● WHAT IS EXPECTED
Without including any pictures, return the records below exactly as written.

● RECORDS SHOWN
--- --- ---

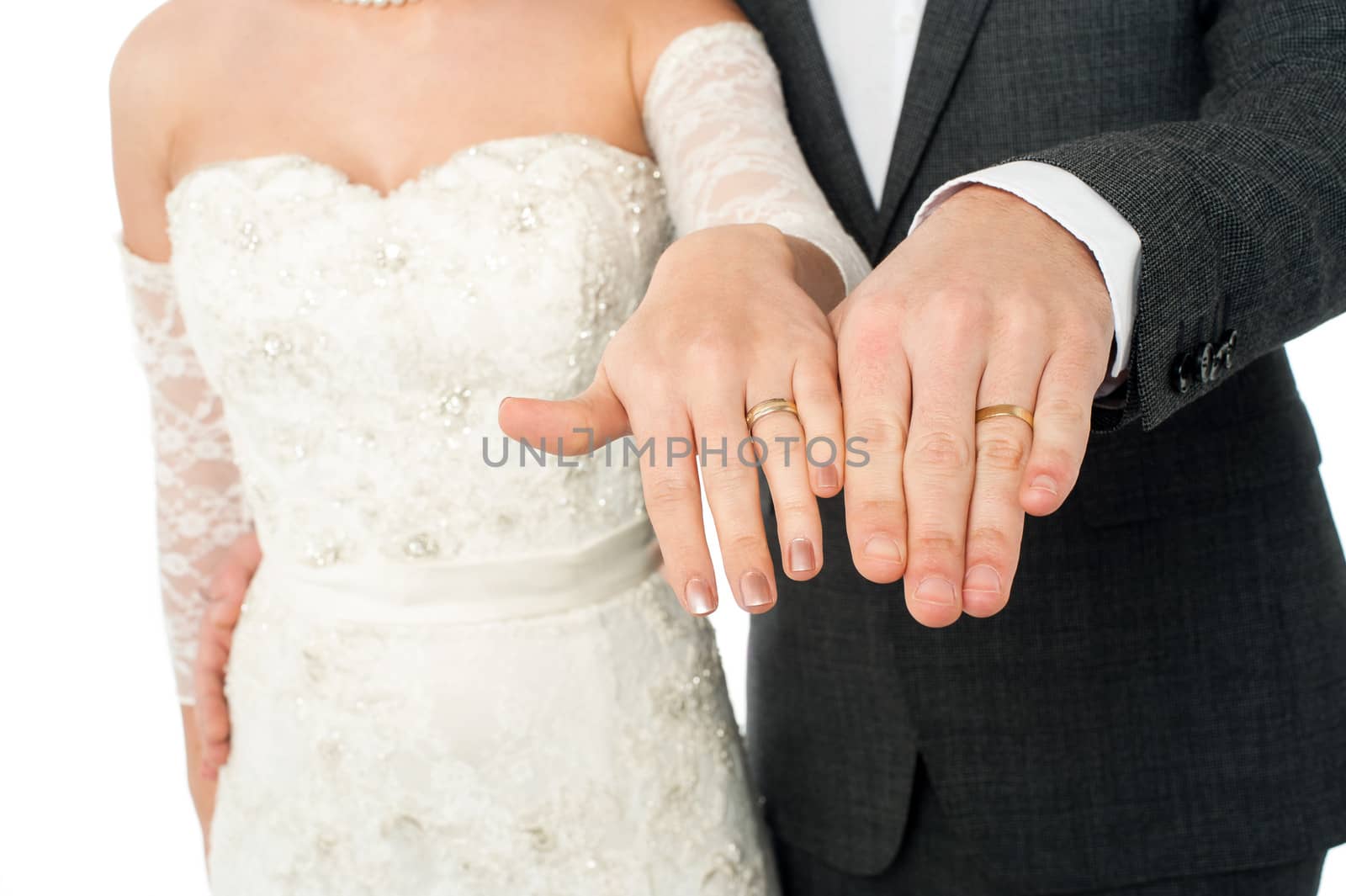 Bride and groom showing their wedding rings by stockyimages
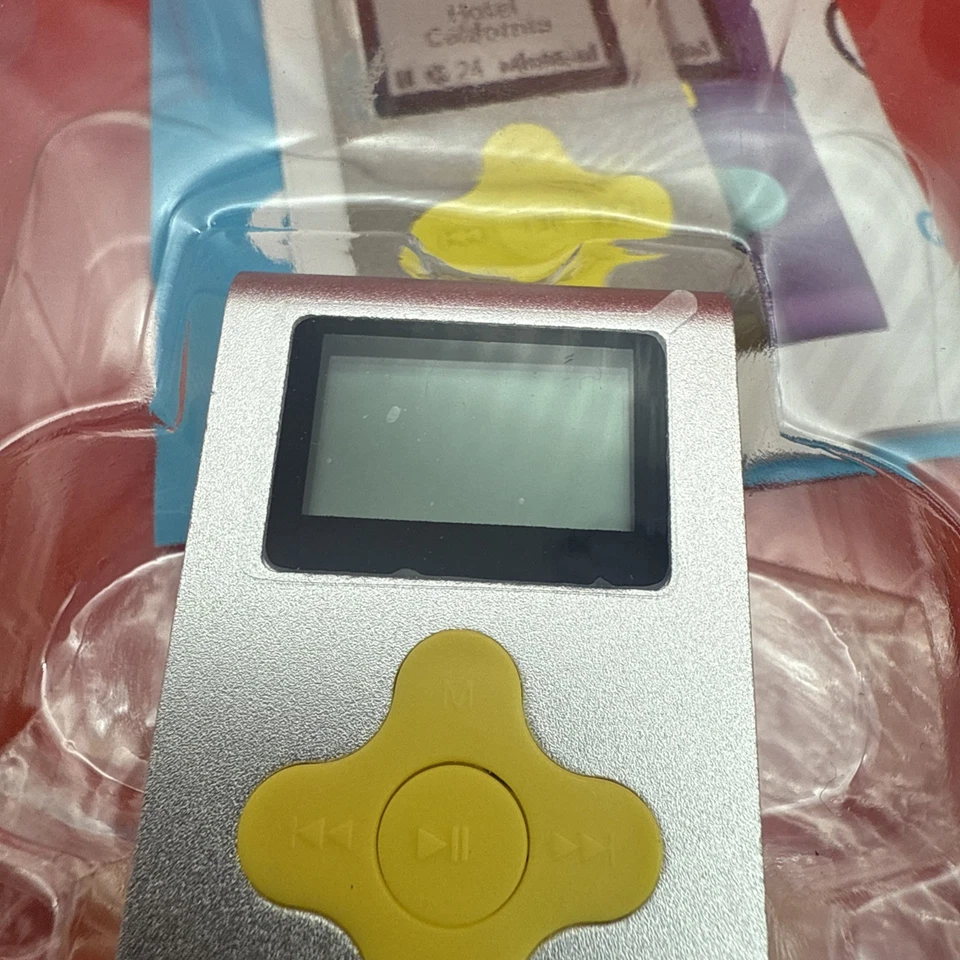 Reproductor MP3 Eclipse Fit Clip 4 GB Nuevo en Caja Sellado Color PLATA/AMARILLO Nunca Usado Foto 2 de 2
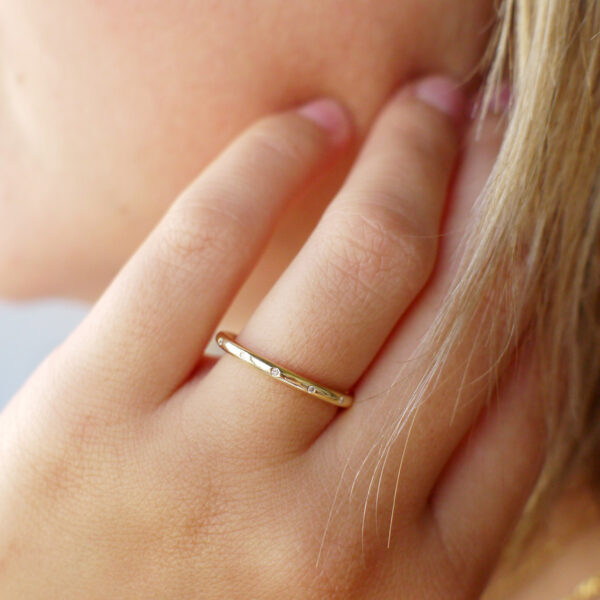 Mulher usando Aliança de aro redondo 1,8mm com diamantes minimalista feita a mão em ouro 18k para casamentos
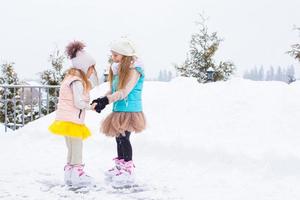 liten flickor skridskoåkning på is rink utomhus i vinter- snö dag foto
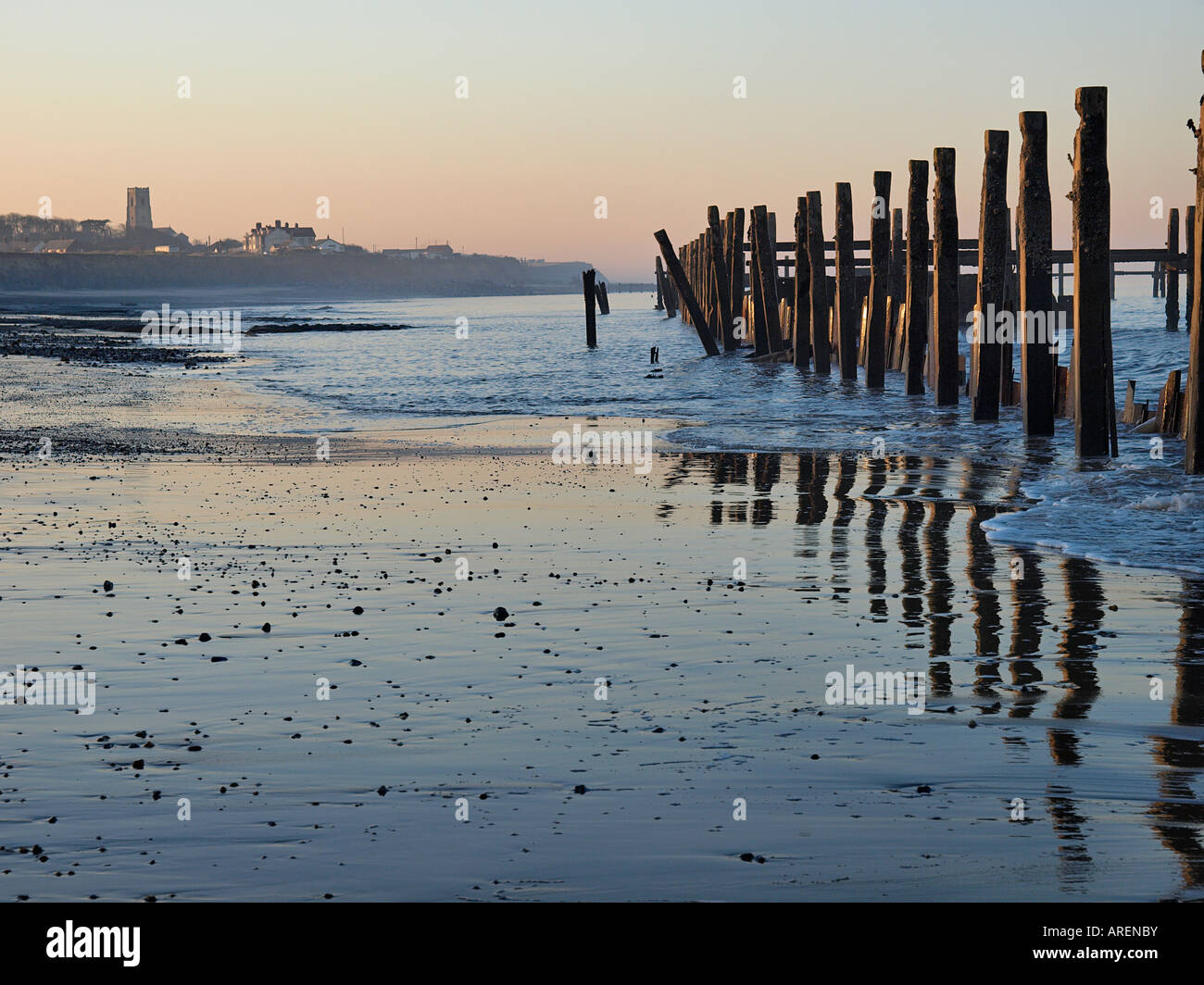 LOW TIDE ON HAPPISBURGH BEACH WITH BROKEN SEA DEFENCES REFLECTED IN WET ...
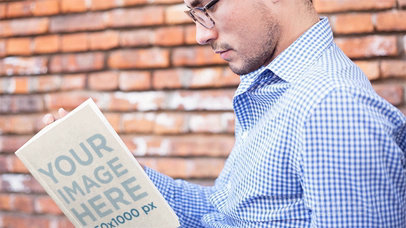 Mockup of a Cool Guy Wearing Glasses Reading a Book in Stop Motion While Sitting Down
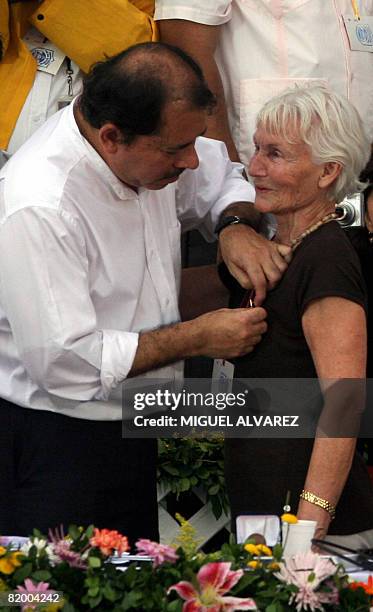 Margot Honecker , the widow of the former head of East Germany, Erich Honecker , is honoured by Nicaragua's President, Daniel Ortega , during a...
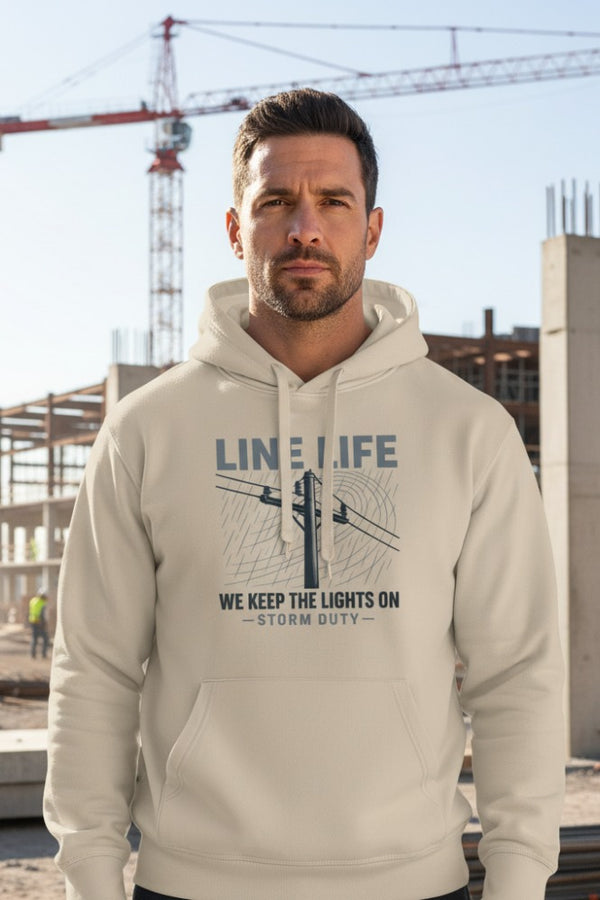 Man wearing a hoodie with 'Line Life' and 'We Keep the Lights On' text, standing in front of a construction site.
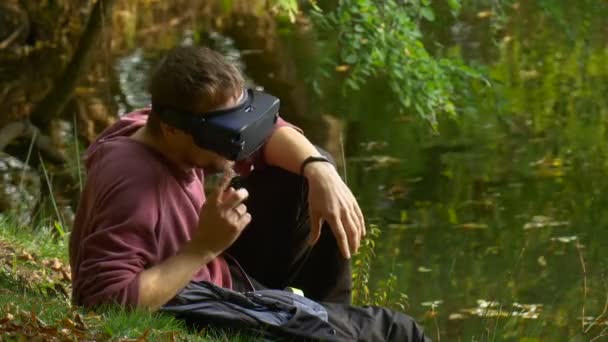 Człowiek w 360vr okulary włącza głowę zdejmuje słuchawki i kliknie telefon wpisuje wiadomość siedzi nad wodą, oglądanie wideo 360 stopni gra — Wideo stockowe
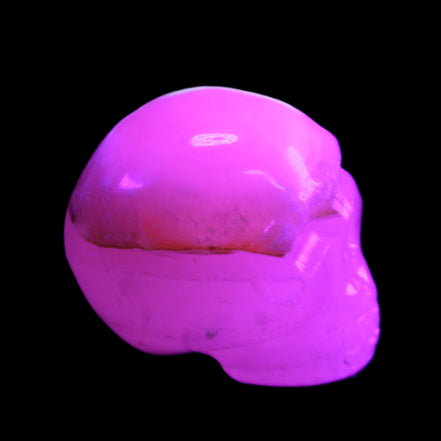 Mangano Calcite skull 38*55*48mm 167g in UV light - Rocks and Things Store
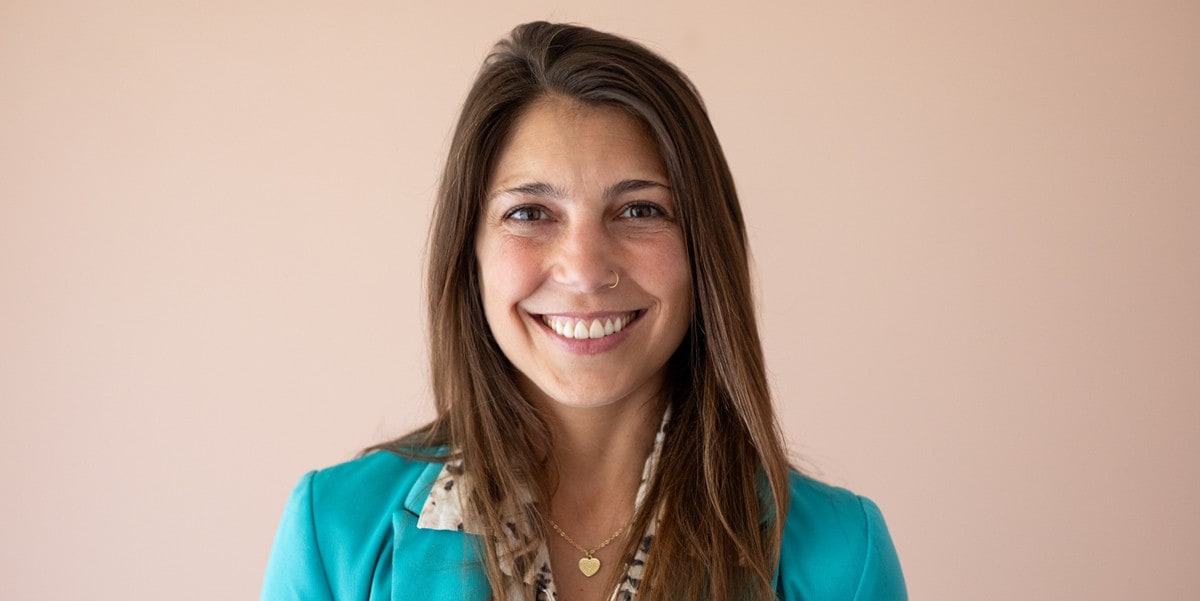professional woman smiling, wearing a green blazer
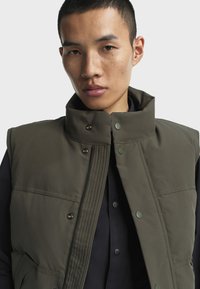 Olivgrüne gepolsterte Weste mit hohem Kragen, Druckknöpfen und Fronttaschen. Sie verfügt über einen Reißverschluss und gerippte Designelemente.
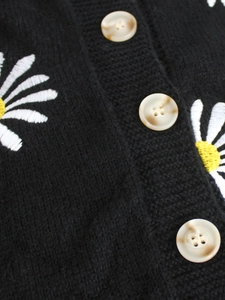 Detailed close-up of white daisy embroidery and amber buttons on black knit cardigan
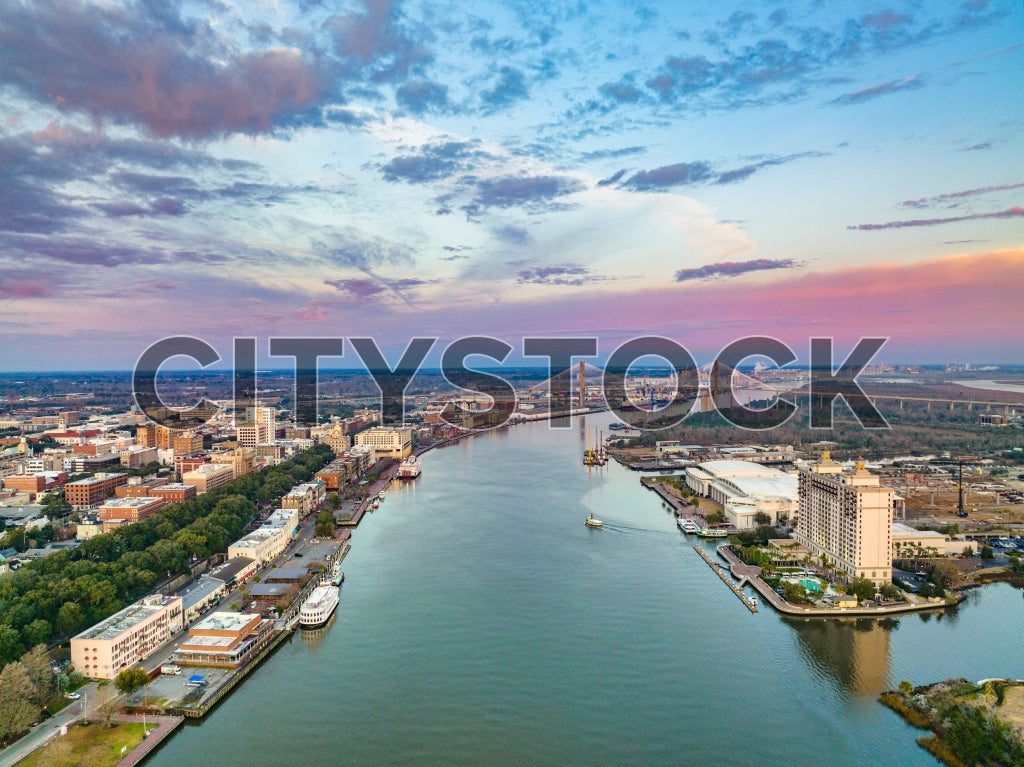 Aerial sunrise view of Savannah River weaving through Savannah GA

--- --- ---

● YOUR SOLUTION
 Bride and groom showing their wedding rings by stockyimages
 Reproductor MP3 Eclipse Fit Clip 4 GB Nuevo en Caja Sellado Color PLATA/AMARILLO Nunca Usado Foto 2 de 2
 Mulher usando Aliança de aro redondo 1,8mm com diamantes minimalista feita a mão em ouro 18k para casamentos
 liten flickor skridskoåkning på is rink utomhus i vinter- snö dag foto
 LOW TIDE ON HAPPISBURGH BEACH WITH BROKEN SEA DEFENCES REFLECTED IN WET ...
 Mockup of a Cool Guy Wearing Glasses Reading a Book in Stop Motion While Sitting Down
 Margot Honecker , the widow of the former head of East Germany, Erich Honecker , is honoured by Nicaragua's President, Daniel Ortega , during a...
 Man wearing a hoodie with 'Line Life' and 'We Keep the Lights On' text, standing in front of a construction site.
 Człowiek w 360vr okulary włącza głowę zdejmuje słuchawki i kliknie telefon wpisuje wiadomość siedzi nad wodą, oglądanie wideo 360 stopni gra — Wideo stockowe
 Mangano Calcite skull 38*55*48mm 167g in UV light - Rocks and Things Store
professional woman smiling, wearing a green blazer
 Olivgrüne gepolsterte Weste mit hohem Kragen, Druckknöpfen und Fronttaschen. Sie verfügt über einen Reißverschluss und gerippte Designelemente.
 Detailed close-up of white daisy embroidery and amber buttons on black knit cardigan
 Aerial sunrise view of Savannah River weaving through Savannah GA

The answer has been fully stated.